Both implement the VaultClient Protocol and are interchangeable at runtime.
data/epstein-docs/ ← Epstein document corpus (gitignored)
data/foia/ ← FOIA document archives (gitignored)
data/kuzu_db/ ← Kuzu graph database directory (gitignored)
data/training/ ← Training data: constitutional pairs, welfare data (gitignored)
data/annotations/ ← Gap/assumption annotation JSONL (gitignored)
checkpoints/ ← Model .pt files and DPO adapters (gitignored)
docs/vault/ ← ADRs, hypothesis traces, gap findings
The analytical framework is implemented and tested (1097 tests passing): gap taxonomy (5 types), assumption taxonomy (3 types, Modules A/B/C all implemented), immutable hypothesis lineage, parallel hypothesis evolution (Graph of Thought), 4-layer analytical pipeline with inline gap detection, constitutional self-critique, injection defence, legal domain grounding, Φ(humanity) welfare scoring (v2.1, 8 constructs), autonomous investigation agent (plan→gather→analyze→reflect→evolve→enrich), 8 pluggable investigation sources (FOIA, graph, web, news, CourtListener, SEC EDGAR, OCCRP, IICSA), person auditing, entity NER, MinHash dedup, and a Phi trajectory forecasting bridge.
Deployment uses vLLM with optional LoRA adapter support for the DPO-trained detective model.
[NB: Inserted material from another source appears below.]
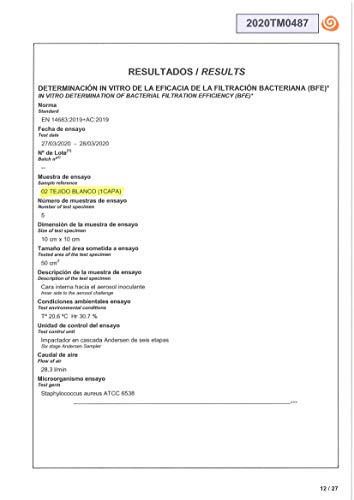 Mascarilla Higiénica Reutilizable para adultos Eficacia de filtración bacteriana Estuche portamascarilla Gratis (Blanca)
See deployment/vllm_start.sh --lora for setup.
The canonical implementation plan and system design documents are in docs/plans/. The living intellectual foundation is docs/constitution.md.
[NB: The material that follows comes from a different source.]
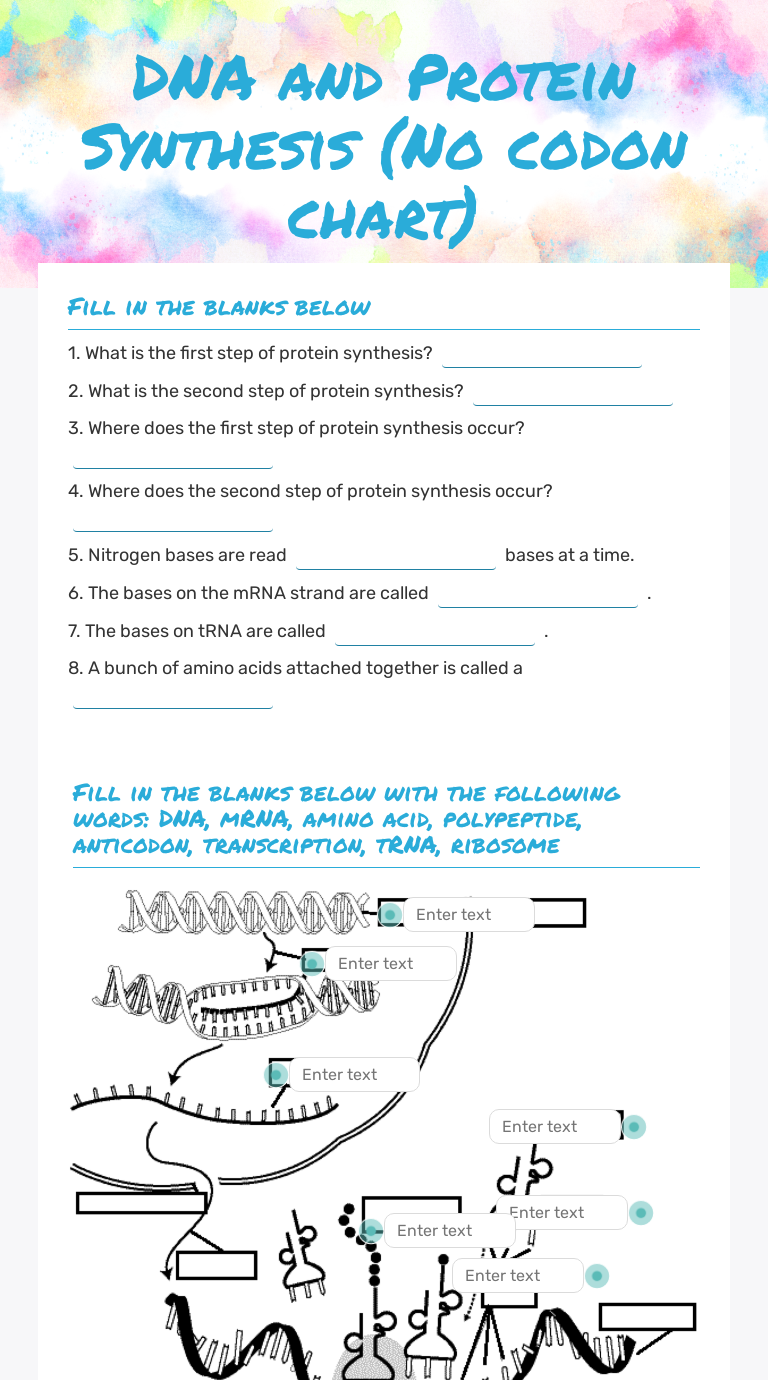 Dna And Protein Synthesis No Codon Chart Interactive Worksheet By Kelly Dillman Wizer Me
This system is grounded in a tradition of thinkers who understood, from lived experience, that the record is never neutral:
Patricia Hill Collins (standpoint knowledge; who gets to decide what counts as evidence), Paul Ekman (deception through omission; the hundred-thousand shapes of falsehood — including through micro-expression, a direction that opens toward vision-service integration for video and recorded testimony), Isabel Wilkerson (structural silence as finding; the evil of silence), James Baldwin (credibility resistance — being disbelieved precisely because what you said was true), bell hooks (honest analysis as an act of care, not aggression), Kelly Hayes & Mariame Kaba (the gap between official narrative and the knowledge held by those most affected), Richard Delgado & Jean Stefancic (the curated record; counter-narrative as valid evidence), Assata Shakur (the record used as a weapon against the documented), Chancellor Williams (documentary suppression across a civilisational horizon).
These are not decorative citations. They are the load-bearing structure of the detection logic. See docs/constitution.md for the full moral compass.